フィアスプライドは2枠2番から3番手につけ、メンバー9位の34.9秒で上がって0.2秒差の2着。道中内をロスなく回り、4コーナーから直線で少し外に持ち出してラスト300mで先頭に立ったが、外から伸びたテンハッピーローズに切れ負けした。前半5F56.8秒のハイペースで先行して粘ったように強いレースをしている。出遅れて追い込むレースが多いが、2走前にルメール騎手で勝ったターコイズSも今回のように先行するレースだった。先週のNHKマイルCはアスコリピチェーノに騎乗し、直線で前が詰まって2着。今回はスムーズなレースで4番人気を2着に持ってきたのはルメール騎手の意地か。次走は安田記念に向かう予定。
マスクトディーヴァは馬込みの7、8番手を進み、メンバー5位の34.1秒で上がって0.2秒差の3着。道中ドゥアイズの鮫島駿騎手にマークされて外に出せず、直線でドゥアイズとサウンドビバーチェ(松山騎手)の間に挟まれて減速する致命的な不利があった。そこから内に切れ込んで2着にクビ差の3着まで追い上げた。モレイラ騎手は春のG1をもう1勝すると来年も短期騎手免許を取得できるが、絶対にそれはさせないという鮫島駿騎手の意地を感じさせた。
マスクトディーヴァは社台RH、ドゥアイズはG1レーシング。最近は同じ社台系でもやり合うことが多くなった。サウンドビバーチェの松山騎手は昨年のヴィクトリアマイルの勝負どころで社台RHのスターズオンオアースに道を譲ったが、今年は右鞭を入れてマスクトディーヴァを通さないようにしていた。社台優遇のこれまでとは違う空気を感じる。これはいい傾向。マスクトディーヴァは能力でマイルもこなしているが、ベストは中距離なのではないか。社台の使い分けがなければ、宝塚記念に使ってくる。

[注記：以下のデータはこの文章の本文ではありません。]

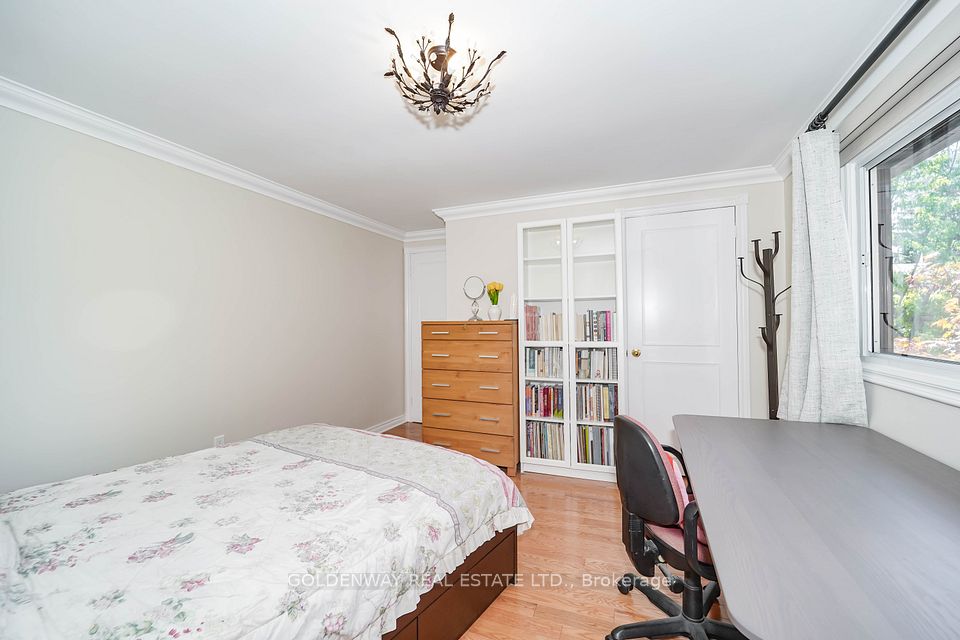 65 Wagon Trailway, Toronto, ON M2J 4V4 19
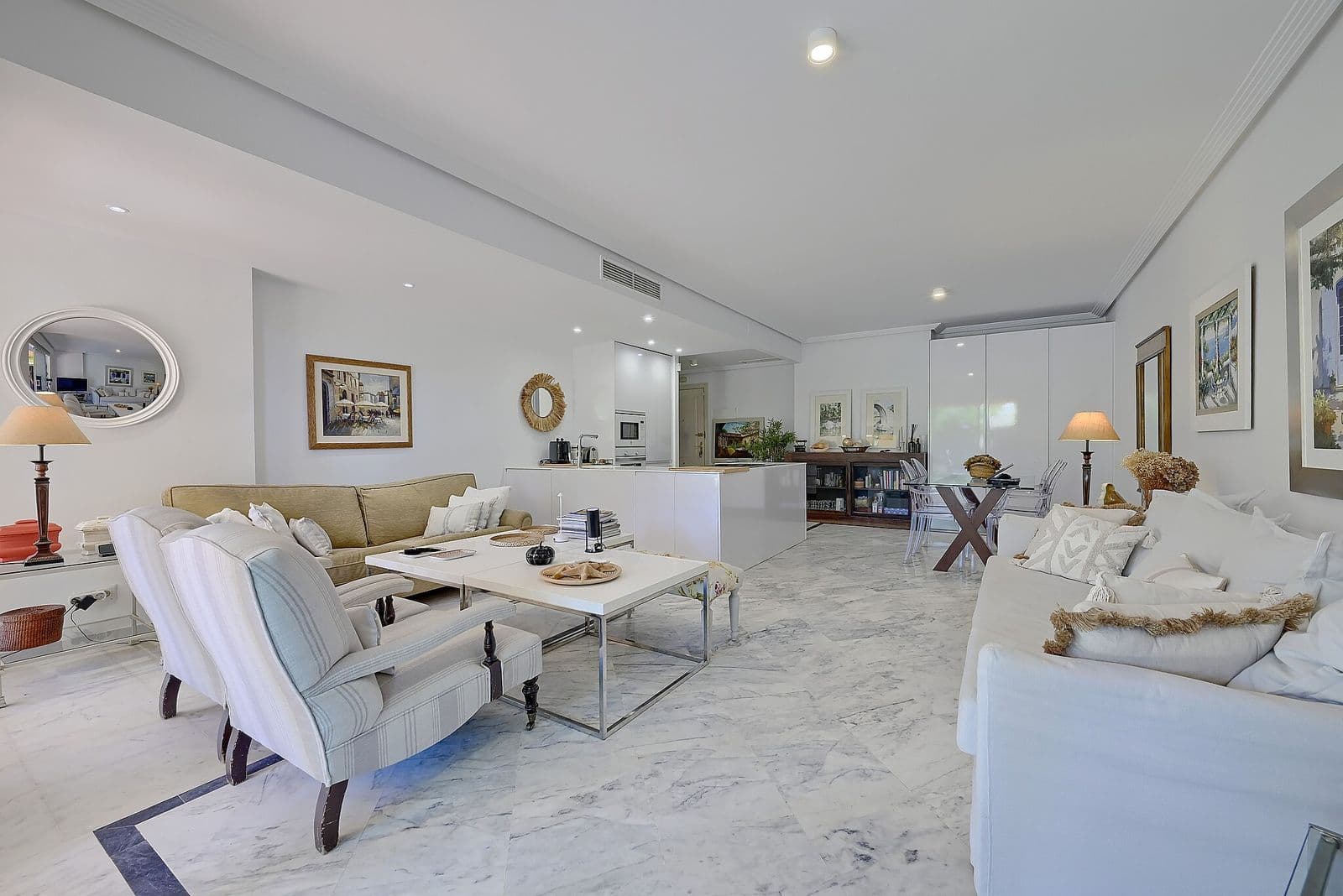 Ground Floor Apartment in Bahía de Marbella, Marbella East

ウンブライルは5番手からメンバー7位の34.6秒で上がって0.4秒差の6着。直線で外に出すのに苦労し、追ってもジリジリとしか伸びなかった。ハイペースで好位につけたこと、飛びが大きい馬で直線でスムーズさを欠いたことが堪えた。フィアスプライドのルメール騎手が直線で外に出してウンブライルの進路を塞いでいる。先週のNHKマイルCではジャンタルマンタルの川田騎手に外からマークされてルメール騎手のアスコリピチェーノは外に出せなかった。ルメール騎手、川田騎手のバトルは弥生賞から続いている。
モリアーナは13番手からメンバー3位の33.9秒で上がって0.5秒差の7着。勝ったテンハッピーローズと同じ上がりを繰り出したが、位置取りが後ろ過ぎた。向こう正面ではテンハッピーローズの直後にいたが、これまで経験のない速い流れで勝負どころでテンハッピーローズに4馬身程度離された。最後は外から速い上がりを繰り出したが、速い流れの経験の差が出た印象。外国人騎手が騎乗すると一変する可能性がある。
ナミュールは出遅れて13番手からメンバー2位の33.8秒で上がって0.5秒差の8着。出遅れて位置取りが悪くなり、直線でも前が壁になってスムーズさを欠いていた。あの位置なら32秒台で上がれそうだが、ドバイ遠征明け、ハイペースで伸び切れなかったのか。それ以前に1分31秒台の高速決着で出遅れは致命的だった。武豊騎手は出遅れが多く、テン乗りで出遅れを懸念していたが、やはり武豊騎手だった。